## ABOUT THIS TASK
Begin at the line containing "Gazetka promocyjna Tesco str. 5" and copy each line exactly through the end of the records, leaving out what comes before.

(Saved entries)
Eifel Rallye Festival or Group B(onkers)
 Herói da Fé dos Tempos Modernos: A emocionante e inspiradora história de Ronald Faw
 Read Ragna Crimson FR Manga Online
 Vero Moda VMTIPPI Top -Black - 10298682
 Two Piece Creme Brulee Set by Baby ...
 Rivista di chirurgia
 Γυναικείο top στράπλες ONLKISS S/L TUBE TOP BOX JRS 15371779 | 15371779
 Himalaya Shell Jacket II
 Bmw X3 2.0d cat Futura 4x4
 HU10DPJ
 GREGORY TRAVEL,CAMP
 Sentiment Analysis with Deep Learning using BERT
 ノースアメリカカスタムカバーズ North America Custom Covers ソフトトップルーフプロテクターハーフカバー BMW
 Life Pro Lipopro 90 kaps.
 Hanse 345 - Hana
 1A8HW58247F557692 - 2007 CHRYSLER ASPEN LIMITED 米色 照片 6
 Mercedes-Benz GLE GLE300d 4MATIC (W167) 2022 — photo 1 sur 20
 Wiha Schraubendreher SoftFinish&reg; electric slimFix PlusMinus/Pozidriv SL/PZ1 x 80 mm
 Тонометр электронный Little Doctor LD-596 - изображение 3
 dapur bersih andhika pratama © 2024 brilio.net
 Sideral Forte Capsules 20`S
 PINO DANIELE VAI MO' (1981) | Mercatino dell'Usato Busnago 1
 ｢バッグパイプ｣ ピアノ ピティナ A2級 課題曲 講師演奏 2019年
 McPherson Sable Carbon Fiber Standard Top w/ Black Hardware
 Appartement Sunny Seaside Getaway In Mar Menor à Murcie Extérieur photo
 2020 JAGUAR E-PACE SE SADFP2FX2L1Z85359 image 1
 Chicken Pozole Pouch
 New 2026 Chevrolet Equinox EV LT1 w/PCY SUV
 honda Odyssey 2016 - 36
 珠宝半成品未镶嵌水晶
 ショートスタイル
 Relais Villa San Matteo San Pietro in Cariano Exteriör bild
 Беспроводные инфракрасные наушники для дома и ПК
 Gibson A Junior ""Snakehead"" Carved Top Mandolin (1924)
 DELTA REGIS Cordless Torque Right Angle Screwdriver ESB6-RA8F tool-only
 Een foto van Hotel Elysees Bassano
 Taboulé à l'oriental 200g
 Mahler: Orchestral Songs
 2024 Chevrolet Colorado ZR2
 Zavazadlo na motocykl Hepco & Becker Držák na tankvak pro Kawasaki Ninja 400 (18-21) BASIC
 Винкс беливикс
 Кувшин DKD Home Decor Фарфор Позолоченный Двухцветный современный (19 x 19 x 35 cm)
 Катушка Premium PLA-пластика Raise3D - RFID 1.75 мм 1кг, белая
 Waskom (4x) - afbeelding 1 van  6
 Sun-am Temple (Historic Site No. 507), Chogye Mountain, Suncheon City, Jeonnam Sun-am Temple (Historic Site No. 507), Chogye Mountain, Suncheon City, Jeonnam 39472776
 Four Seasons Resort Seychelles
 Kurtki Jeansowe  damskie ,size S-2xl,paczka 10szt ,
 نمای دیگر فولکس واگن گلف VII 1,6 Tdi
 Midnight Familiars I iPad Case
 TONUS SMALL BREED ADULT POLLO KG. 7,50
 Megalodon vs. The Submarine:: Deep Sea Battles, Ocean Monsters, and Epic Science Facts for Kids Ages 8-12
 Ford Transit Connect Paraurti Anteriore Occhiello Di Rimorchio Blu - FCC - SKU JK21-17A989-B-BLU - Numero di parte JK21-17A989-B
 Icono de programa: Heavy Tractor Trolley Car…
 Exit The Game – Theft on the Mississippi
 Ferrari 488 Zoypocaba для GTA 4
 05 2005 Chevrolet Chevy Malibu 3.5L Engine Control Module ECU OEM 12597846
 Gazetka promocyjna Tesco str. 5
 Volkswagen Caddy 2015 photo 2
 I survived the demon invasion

## WRITTEN REPLY
 Gazetka promocyjna Tesco str. 5
 Volkswagen Caddy 2015 photo 2
 I survived the demon invasion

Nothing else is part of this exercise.